Senator Bacik already asked about comparative jurisdictions. It would help us to examine that in more detail in terms of how other jurisdictions that are aligned to our process have gone through ratification of treaties, even, for example, the treaty on people with disabilities. Does Dr. Flynn have any suggestions, which she can indicate now or later, as to who we might contact to help us with that? Could she also suggest how the committee might proceed with the issue we are discussing?
Dr. Eilionóir Flynn: To address the issue of comparative countries and how they have approached this, the UN Office of the High Commissioner for Human Rights produced a report, which I cited in my opening remarks, which studied the ratification process in a number of countries that had ratified at the time. I believe the report was published in 2009 which was quite early in the process of the UN Convention on the Rights of Persons with Disabilities, but none the less at that point they were able to point to a number of different approaches. They sent survey questions to all the countries that had ratified at that point asking them about their process, what they found beneficial and how they went about it. In that process also many of those countries, including Australia and New Zealand, produced national interest analysis of the impact of the convention on national law and also its financial impact and the impact it might have on the lives of people with disabilities. That is quite a good exercise and one in which the Oireachtas and this sub-committee could play a role. The Senator's suggestion of involving the Committee on Justice, Defence and Equality or this sub-committee in working with the Department of Foreign Affairs and Trade in whatever process it engages in would be a valuable one and that would reflect approaches that have been taken in other jurisdictions.

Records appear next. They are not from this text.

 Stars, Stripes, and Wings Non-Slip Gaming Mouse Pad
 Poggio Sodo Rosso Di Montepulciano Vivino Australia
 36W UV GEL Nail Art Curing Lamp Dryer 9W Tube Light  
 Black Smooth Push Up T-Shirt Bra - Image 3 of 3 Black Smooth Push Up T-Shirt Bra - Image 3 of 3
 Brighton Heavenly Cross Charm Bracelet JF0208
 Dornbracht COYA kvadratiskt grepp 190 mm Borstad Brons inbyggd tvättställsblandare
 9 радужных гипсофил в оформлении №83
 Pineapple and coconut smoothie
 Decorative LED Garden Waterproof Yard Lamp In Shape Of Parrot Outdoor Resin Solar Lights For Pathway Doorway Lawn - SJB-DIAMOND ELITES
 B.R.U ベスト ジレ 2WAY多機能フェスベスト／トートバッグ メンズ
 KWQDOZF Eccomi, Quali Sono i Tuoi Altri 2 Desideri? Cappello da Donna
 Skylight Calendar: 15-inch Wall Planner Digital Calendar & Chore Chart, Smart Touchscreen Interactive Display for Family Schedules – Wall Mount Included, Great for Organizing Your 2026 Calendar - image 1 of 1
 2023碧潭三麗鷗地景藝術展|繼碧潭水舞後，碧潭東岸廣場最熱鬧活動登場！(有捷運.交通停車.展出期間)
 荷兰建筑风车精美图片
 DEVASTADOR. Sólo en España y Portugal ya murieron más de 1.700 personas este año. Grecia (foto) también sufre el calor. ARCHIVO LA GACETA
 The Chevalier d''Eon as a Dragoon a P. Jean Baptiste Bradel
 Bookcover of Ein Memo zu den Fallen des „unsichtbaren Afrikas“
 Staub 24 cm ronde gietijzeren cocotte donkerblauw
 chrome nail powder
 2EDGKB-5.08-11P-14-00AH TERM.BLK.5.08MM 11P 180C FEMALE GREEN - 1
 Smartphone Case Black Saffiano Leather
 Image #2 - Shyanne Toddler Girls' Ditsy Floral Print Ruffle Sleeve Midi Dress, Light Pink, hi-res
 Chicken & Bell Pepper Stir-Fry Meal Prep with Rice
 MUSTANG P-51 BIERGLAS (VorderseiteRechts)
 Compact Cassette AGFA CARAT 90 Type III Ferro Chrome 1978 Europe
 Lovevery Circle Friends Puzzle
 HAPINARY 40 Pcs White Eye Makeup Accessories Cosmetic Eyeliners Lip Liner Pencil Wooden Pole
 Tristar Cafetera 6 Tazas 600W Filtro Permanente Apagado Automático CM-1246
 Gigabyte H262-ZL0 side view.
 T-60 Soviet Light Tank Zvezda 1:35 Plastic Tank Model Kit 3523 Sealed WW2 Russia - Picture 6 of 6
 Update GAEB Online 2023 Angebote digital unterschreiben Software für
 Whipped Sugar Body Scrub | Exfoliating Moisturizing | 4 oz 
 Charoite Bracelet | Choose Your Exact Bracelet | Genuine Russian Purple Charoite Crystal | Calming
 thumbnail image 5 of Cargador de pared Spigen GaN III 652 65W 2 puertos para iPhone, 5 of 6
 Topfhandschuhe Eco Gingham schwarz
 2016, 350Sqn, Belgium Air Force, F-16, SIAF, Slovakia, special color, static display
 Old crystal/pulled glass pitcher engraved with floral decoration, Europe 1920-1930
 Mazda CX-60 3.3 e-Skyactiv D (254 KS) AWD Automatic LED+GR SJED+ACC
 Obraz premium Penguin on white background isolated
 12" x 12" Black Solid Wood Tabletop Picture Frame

Acting Chairman (Deputy Anne Ferris): The Committee on Justice, Defence and Equality always had the system of pre-legislative scrutiny in place but all committees now have to do that. Perhaps some type of similar system could be set up, either under the auspices of the Committee on Justice, Defence and Equality or the Joint Committee on Foreign Affairs and Trade. That would enable all members of the Oireachtas, including members of civil society, to contribute and have a full debate because there will be members of both Houses who will not have an opportunity to give their input. Perhaps we could look at setting something up and sending a report to the Taoiseach about it. That could be useful.
Acting Chairman (Deputy Anne Ferris): On behalf of the committee I thank Dr. Eilionóir Flynn for attending the committee and making an interesting presentation which has given us much food for thought. We will continue to work on the issues raised and are eager to do so.